ASSIGNED TASK> Using the listing below, retype the line bearing "1923/24 - POLONIA" and each line after it, word for word, and nothing further.

INPUT DATA>
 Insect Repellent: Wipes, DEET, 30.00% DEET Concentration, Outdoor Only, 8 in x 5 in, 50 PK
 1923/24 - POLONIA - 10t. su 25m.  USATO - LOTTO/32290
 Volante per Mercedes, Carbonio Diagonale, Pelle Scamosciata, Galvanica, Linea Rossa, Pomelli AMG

SOLUTION>
 1923/24 - POLONIA - 10t. su 25m.  USATO - LOTTO/32290
 Volante per Mercedes, Carbonio Diagonale, Pelle Scamosciata, Galvanica, Linea Rossa, Pomelli AMG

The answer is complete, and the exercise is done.